[Source records]
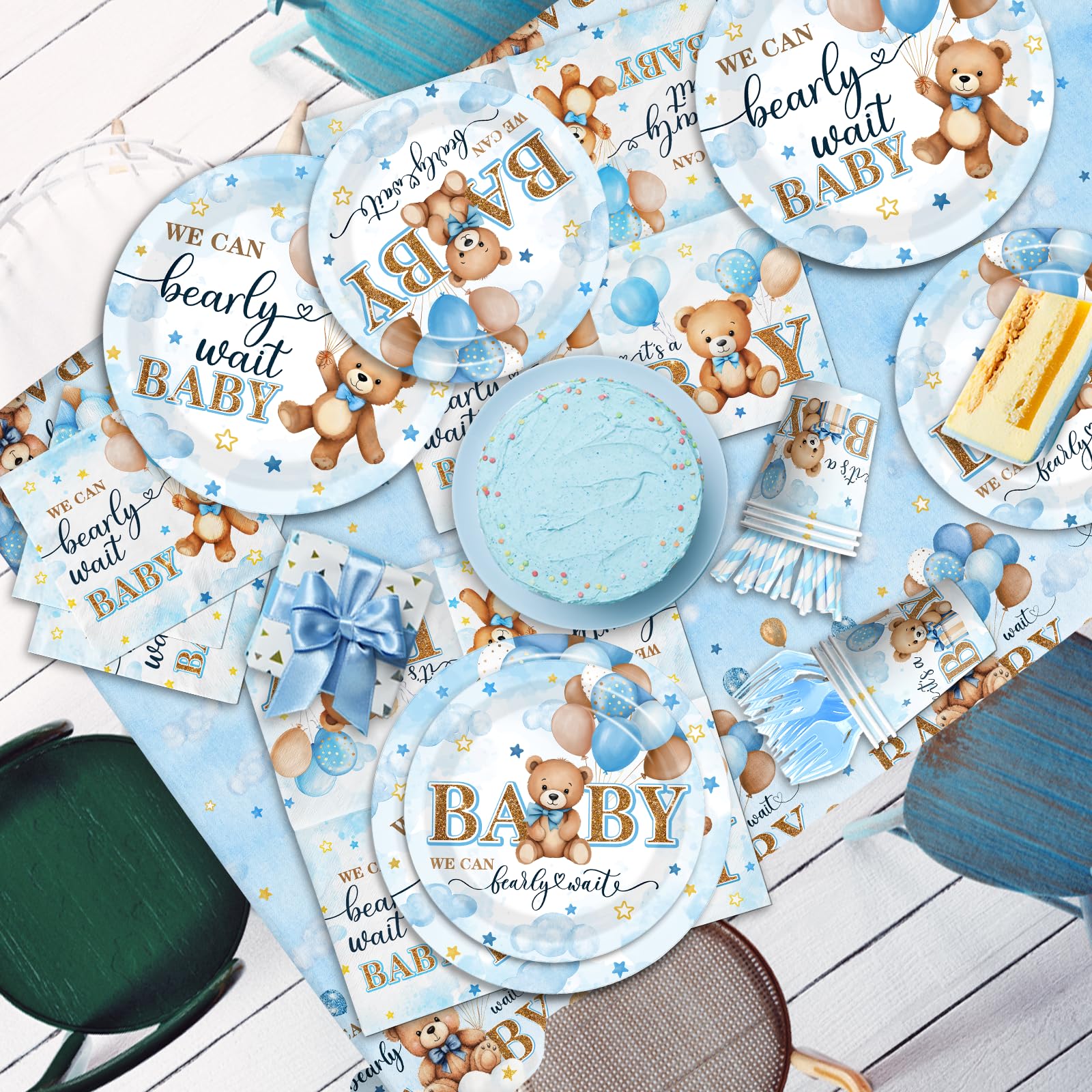Suzkoqo 6.5x6.5in bear napkins add practical, charming wipes for little guests.
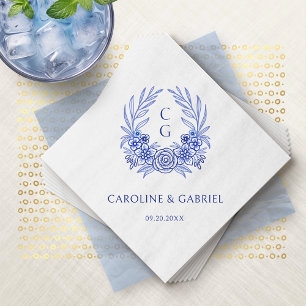 Blue French Floral Crest Wreath Monogram Wedding Napkins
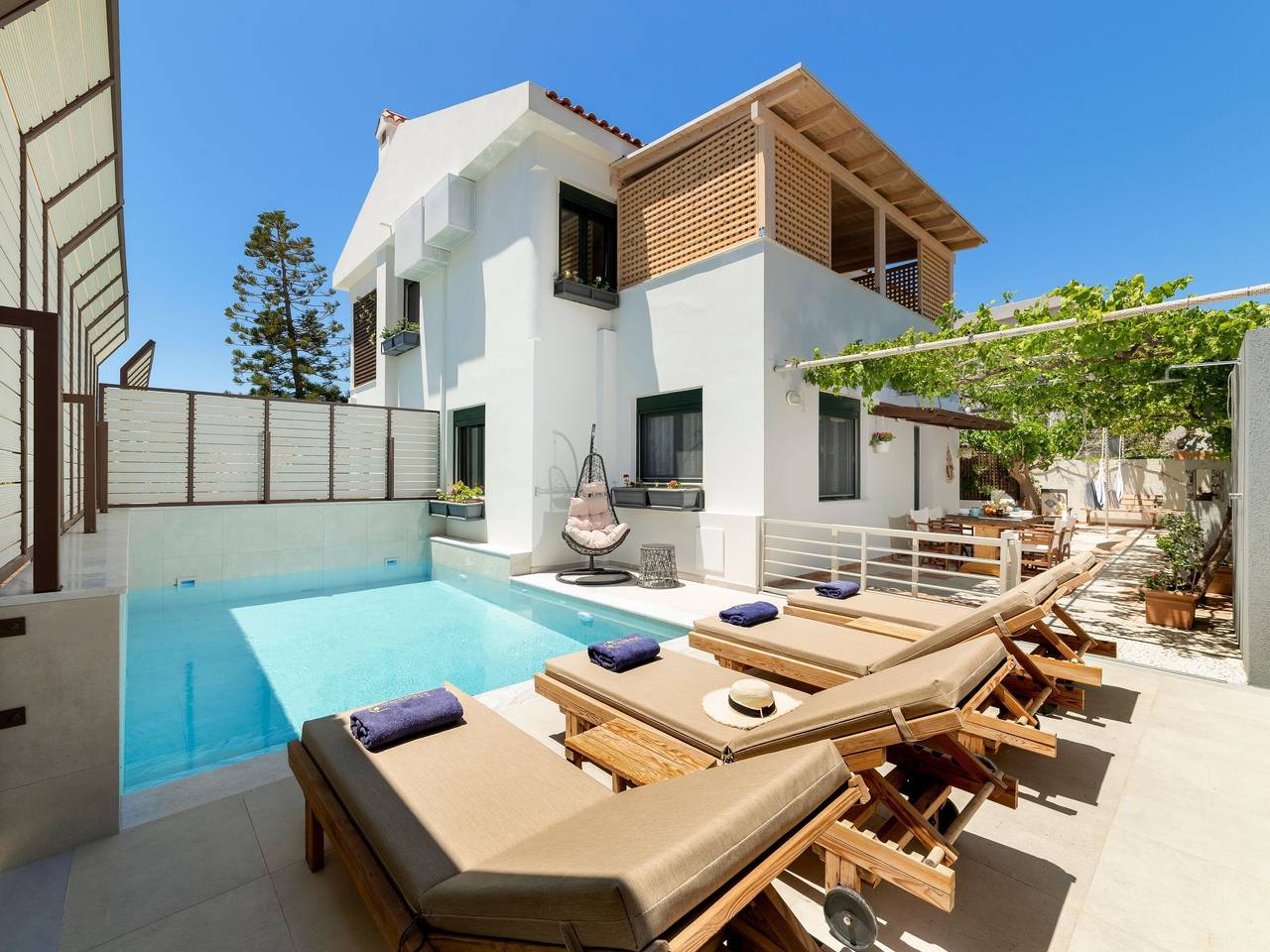 Villa Krevatina mit privatem Pool und großer Veranda in Koutsouras, Lasithi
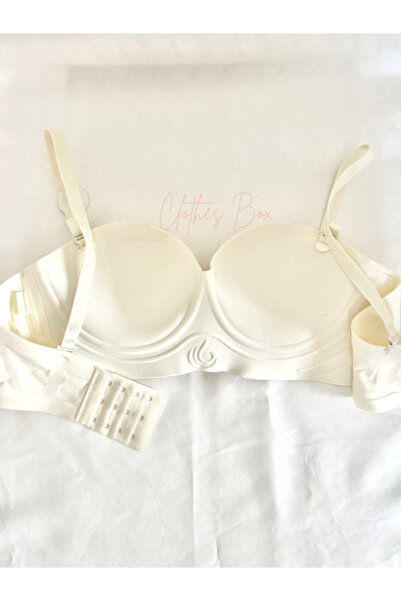 F.K Süet Dokulu Dolgulu Push Up Straplez Sütyen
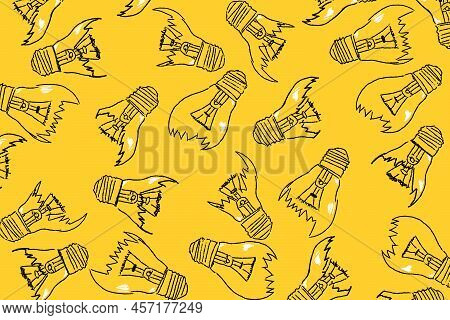 Set Of Broken Down Light Bulbs Hand Drawn On A Yellow Background. Uninspired Or Motivation, Burnout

Work to complete:
Your answer must be an exact copy of the records above, with every picture left out.

Your solution:
Suzkoqo 6.5x6.5in bear napkins add practical, charming wipes for little guests.
 Blue French Floral Crest Wreath Monogram Wedding Napkins
 Villa Krevatina mit privatem Pool und großer Veranda in Koutsouras, Lasithi
 F.K Süet Dokulu Dolgulu Push Up Straplez Sütyen
 Set Of Broken Down Light Bulbs Hand Drawn On A Yellow Background. Uninspired Or Motivation, Burnout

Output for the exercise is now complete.